EVANSTON, Ill. --- The innovative research of three Northwestern University professors who are making a big difference in the highly promising area of synthetic biology has been recognized with two early-stage discovery awards from Grand Challenges Explorations, an initiative funded by the Bill & Melinda Gates Foundation.
The global health projects will focus on creating new compounds to combat malaria and on producing biosensors for low-cost, in-home diagnoses.
The prestigious awards are two of 107 Grand Challenges Explorations (GCE) grants announced this week. The funding supports scientists, researchers and entrepreneurs worldwide who are testing unconventional ideas that show great promise to improve the health of people in the developing world.
Northwestern now has received a total of three GCE grants as part of the Gates Foundation’s call to “Apply Synthetic Biology to Global Health Challenges.” (Synthetic biology is the design and construction of new types of biological systems.) To date, only 30 synthetic biology grants have been awarded as part of this initiative, acknowledging Northwestern as being at the forefront of its use to address global health issues. (The University received its first GCE grant in November.)
“The Gates Foundation support allows us to pursue high-risk, high-reward projects that are utilizing cutting-edge techniques to engineer biological systems,” said Keith Tyo, an investigator on all three grants. “Success on any one of these projects could result in a dramatic improvement in quality of life for millions of suffering people.”
Tyo is an assistant professor of chemical and biological engineering in the McCormick School of Engineering and Applied Science.
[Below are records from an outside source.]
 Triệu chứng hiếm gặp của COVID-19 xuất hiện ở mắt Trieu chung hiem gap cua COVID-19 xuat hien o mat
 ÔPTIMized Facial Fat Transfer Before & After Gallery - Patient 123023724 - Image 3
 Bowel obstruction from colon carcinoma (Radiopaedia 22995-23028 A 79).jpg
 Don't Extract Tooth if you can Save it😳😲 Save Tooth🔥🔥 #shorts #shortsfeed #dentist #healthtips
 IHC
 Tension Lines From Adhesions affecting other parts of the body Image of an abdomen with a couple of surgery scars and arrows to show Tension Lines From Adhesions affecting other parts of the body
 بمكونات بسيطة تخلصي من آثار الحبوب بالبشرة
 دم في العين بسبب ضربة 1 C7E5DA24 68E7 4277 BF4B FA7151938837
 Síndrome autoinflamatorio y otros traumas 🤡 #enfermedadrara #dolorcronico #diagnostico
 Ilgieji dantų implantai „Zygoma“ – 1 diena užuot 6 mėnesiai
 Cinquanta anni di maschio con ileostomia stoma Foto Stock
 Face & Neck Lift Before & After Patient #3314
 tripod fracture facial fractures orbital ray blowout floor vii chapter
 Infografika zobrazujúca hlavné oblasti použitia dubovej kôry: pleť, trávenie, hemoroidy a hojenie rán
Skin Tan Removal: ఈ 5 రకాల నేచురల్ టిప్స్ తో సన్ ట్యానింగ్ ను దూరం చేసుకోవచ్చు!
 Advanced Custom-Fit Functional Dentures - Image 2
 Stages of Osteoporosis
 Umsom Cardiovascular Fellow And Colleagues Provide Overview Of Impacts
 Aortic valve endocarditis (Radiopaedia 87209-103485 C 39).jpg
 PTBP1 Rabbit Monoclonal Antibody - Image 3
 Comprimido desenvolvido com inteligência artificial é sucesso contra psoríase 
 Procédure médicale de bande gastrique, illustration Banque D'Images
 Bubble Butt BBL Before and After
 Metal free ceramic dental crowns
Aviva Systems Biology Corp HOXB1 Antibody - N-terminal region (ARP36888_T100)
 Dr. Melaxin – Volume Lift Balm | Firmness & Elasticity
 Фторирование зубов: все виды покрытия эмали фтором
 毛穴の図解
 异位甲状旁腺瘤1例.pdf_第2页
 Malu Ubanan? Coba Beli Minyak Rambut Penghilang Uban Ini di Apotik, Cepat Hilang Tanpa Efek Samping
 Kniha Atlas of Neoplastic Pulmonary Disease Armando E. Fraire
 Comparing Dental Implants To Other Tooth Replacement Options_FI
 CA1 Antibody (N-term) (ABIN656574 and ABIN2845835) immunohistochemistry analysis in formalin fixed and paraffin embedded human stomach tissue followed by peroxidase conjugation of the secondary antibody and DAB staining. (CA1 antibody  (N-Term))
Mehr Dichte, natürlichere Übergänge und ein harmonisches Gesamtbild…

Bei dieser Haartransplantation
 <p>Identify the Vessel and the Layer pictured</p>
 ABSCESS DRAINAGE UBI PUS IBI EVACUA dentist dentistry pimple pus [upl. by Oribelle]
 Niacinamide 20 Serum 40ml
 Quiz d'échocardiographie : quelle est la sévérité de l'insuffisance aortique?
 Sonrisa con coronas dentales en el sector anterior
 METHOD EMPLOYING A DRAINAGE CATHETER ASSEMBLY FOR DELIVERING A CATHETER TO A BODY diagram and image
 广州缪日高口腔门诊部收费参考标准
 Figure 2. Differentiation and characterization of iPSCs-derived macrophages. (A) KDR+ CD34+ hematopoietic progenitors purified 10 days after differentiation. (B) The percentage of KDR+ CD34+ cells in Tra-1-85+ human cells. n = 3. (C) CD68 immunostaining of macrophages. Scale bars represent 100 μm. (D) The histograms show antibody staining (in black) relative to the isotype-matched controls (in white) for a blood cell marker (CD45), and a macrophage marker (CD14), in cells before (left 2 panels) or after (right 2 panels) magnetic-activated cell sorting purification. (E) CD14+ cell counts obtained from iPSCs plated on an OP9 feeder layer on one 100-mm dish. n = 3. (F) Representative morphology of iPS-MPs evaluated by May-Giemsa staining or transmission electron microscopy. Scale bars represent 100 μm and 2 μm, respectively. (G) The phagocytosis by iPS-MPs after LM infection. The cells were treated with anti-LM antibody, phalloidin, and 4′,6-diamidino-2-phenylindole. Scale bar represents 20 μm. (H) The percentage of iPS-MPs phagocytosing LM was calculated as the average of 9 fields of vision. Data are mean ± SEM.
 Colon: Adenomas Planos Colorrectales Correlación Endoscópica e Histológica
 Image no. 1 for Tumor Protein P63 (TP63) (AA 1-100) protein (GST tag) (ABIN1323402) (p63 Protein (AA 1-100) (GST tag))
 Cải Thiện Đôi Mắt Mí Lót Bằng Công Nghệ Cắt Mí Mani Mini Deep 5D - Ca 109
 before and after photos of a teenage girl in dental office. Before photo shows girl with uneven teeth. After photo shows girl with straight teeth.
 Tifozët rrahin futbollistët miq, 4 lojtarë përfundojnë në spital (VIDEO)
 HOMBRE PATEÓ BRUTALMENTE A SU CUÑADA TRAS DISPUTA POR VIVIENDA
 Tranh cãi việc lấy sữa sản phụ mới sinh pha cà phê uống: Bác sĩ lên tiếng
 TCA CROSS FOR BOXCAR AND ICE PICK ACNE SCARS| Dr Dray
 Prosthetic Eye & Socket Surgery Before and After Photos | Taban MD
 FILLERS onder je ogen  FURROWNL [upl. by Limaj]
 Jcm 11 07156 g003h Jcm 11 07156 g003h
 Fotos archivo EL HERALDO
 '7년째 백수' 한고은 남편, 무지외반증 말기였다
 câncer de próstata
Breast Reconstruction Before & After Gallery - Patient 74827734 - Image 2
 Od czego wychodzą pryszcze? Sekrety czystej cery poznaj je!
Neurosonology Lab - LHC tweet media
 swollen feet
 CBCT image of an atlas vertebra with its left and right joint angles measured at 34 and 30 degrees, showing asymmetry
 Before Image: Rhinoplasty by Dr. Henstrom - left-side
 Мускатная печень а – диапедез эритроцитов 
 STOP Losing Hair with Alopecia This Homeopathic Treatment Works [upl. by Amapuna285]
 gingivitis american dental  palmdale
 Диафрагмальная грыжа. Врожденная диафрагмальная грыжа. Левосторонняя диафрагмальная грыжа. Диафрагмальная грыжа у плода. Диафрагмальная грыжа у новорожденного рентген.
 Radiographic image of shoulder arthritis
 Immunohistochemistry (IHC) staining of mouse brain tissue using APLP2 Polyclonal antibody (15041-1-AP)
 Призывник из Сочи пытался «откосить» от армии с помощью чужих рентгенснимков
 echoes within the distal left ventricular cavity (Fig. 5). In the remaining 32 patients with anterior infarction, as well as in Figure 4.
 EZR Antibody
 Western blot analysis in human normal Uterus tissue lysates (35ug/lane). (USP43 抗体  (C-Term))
Andreas Matouschek, professor of molecular biosciences in the Weinberg College of Arts and Sciences, and Tyo will develop synthetic compounds that target essential proteins in the Plasmodium parasite for destruction by its own protein degradation mechanisms. This strategy could lead to new treatment modalities as well as small molecule drug development efforts to combat malaria.
In the other project, Tyo and Joshua Leonard, an assistant professor of chemical and biological engineering, will work to engineer yeast-based biosensors that identify protein biomarkers in samples like blood and urine. An array of yeast strains could serve as a low-cost, in-home device providing patients with a panel of diagnostics to improve treatment and diagnosis in resource-poor settings.
Each project will receive an 18-month grant of $100,000. Successful projects have an opportunity to receive a second grant of up to $1 million.
“Grand Challenges Explorations encourages individuals worldwide to expand the pipeline of ideas where creative, unorthodox thinking is most urgently needed,” said Chris Wilson, director of Global Health Discovery and Translational Sciences at the Bill & Melinda Gates Foundation. “We’re excited to provide additional funding for select grantees so that they can continue to advance their idea towards global impact.”
Synthetic biology researchers at Northwestern are leading a new wave of design-based biological engineering, exploring three major areas: biomolecular networks, cellular devices and therapeutics, and approaches that expand the chemistry of life. The engineers, scientists and physicians represent three schools -- McCormick, Weinberg and the Feinberg School of Medicine.